For some, it is not only the marketing campaigns that make them feel low about their natural state of being. In their day to day interactions, they may be bullied into believing certain aspects of themselves are not good enough, and blend that in with the fact that makeup is advertised to hide such problems, you find that is often the solution to hiding their insecurities. Makeup Artist Wendy Asumadu (@wendysworld_xoxo) says “I used to wear makeup to conceal flaws that were often never even there. I was trying to disguise my insecurities, attempting to hide my dark skin. I was teased for being dark skinned when I was younger, so I would wear my mothers foundation in the hope that I looked fairer than I was.”

However, despite the campaigns and efforts made by some to make women feel insecure about their looks, there seems to be a shift in makeup culture by those who wear it. There has been a rise in the popularity of brands such as Glossier and Milk Makeup, who encourage “your skin but better”. With a focus on skin care, this means some of their products are infused with products that help problematic areas in the long run, and not merely hide them for a temporary fix. There has been a recent phenomenon for women, through the body positive movement and others, in which many have decided that they no longer wish to conform to the notions fed to them by others that in their natural state they are not good enough, but instead are moving to love and embrace themselves for who they are. Wendy‘s own personal shift in how she used makeup happened on “one day, I decided I was going to make a change and love me for me. I didn’t wear makeup for a while because I thought it was important to understand the purpose of it and appreciate myself for who I am.”

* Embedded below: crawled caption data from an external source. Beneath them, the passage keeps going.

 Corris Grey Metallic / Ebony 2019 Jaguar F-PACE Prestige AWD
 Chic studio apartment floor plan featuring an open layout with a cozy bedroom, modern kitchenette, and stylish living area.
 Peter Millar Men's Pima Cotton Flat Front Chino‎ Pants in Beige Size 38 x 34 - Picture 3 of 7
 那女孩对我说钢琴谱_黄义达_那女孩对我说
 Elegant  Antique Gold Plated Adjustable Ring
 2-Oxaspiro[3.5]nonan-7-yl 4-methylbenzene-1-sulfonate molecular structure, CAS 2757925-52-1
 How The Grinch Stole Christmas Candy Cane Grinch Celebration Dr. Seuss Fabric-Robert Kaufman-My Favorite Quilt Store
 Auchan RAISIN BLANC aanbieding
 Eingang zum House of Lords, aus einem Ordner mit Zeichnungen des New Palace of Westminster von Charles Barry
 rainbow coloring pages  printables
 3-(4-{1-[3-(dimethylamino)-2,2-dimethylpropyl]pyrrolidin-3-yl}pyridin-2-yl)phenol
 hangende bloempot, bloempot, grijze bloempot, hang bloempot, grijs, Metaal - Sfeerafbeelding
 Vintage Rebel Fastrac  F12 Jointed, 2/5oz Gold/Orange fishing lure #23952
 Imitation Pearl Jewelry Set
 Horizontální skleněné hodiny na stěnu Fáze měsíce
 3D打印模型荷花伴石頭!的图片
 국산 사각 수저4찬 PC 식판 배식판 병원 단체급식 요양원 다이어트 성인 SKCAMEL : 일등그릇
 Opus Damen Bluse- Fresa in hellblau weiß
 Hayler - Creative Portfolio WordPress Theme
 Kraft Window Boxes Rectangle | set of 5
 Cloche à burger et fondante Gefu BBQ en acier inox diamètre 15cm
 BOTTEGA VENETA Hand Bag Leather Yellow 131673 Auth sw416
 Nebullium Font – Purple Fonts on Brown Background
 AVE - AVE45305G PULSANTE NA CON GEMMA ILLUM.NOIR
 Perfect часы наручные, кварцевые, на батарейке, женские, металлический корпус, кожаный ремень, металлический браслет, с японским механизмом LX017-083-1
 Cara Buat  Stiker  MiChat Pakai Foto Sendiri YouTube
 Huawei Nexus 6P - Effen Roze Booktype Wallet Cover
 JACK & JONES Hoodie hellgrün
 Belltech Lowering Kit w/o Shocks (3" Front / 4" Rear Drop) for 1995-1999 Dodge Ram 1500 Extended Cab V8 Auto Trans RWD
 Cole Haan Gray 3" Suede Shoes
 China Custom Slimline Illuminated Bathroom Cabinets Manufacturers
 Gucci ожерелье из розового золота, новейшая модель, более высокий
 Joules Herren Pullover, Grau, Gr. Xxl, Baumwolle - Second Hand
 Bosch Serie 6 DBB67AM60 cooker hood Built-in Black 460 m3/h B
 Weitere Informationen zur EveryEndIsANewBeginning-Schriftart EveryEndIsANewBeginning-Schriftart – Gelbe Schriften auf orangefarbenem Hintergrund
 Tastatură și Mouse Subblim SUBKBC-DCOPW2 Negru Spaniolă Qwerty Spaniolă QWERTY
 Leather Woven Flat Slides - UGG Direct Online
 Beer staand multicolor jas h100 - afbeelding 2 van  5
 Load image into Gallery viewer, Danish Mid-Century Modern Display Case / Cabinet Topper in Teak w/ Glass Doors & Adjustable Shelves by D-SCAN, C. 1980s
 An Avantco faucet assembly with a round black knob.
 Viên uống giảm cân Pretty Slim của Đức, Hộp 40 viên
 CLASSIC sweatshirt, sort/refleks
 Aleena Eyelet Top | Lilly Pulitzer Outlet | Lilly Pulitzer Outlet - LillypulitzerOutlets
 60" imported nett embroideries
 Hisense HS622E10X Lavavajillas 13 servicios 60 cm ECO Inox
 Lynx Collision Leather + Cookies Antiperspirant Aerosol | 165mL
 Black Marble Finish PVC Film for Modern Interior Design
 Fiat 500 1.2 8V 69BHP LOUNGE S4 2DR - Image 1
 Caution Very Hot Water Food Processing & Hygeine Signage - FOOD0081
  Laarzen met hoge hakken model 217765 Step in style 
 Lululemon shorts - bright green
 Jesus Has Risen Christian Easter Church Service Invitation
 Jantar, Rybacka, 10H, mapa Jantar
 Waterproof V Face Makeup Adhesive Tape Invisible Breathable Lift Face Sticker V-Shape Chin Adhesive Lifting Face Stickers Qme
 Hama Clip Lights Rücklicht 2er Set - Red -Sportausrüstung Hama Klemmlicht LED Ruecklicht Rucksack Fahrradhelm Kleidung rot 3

Moreover, there has also been a wave that has seen more women break away from using makeup in its conventional manner, instead being more creative and conceptual in their day to day looks. Eccentric makeup styles are no longer exclusive to editorial shoots for magazines and festival season, but there is a rise in girls implementing this style in their day to day makeup looks. Wendy believes that “there were so many rules in the makeup world. You could only be a model if you were a certain height or weight. You could only see white girls in major campaigns. Slowly, the industry is starting to understand the importance of diversity in their products and campaigns. And that allows people to realise you can wear artsy makeup going to work or on a night out. Nothing is exclusive to anyone.”

Brands have increasingly launched lines and products that cater to the everyday girl who wishes to be more creative, bold and multi-purposeful with her makeup, such as Sleeks i-Art eyeshadows, NYX Brights palette and eyeliners and Fenty Beauty’s MATTEMOISELLE lipsticks, that launched with an array of shades, that fell outside the ordinary lip colours. CYO Cosmetics, a new brand who go by the slogan “Say no to normal. Yes to experimental” is also another example of brands catering to and encouraging makeup wearers to be more bold and unorthodox in the ways in which they wear makeup.

Wendy believes that people may be becoming bored of “glam makeup, as they want to be inspired in different ways” which creative makeup and breaking from its conventional use allows. For her, and so many others, “Makeup is another outlet for me to be creative. I don’t use makeup to hide anything but rather to explore the endless possibilities of it.”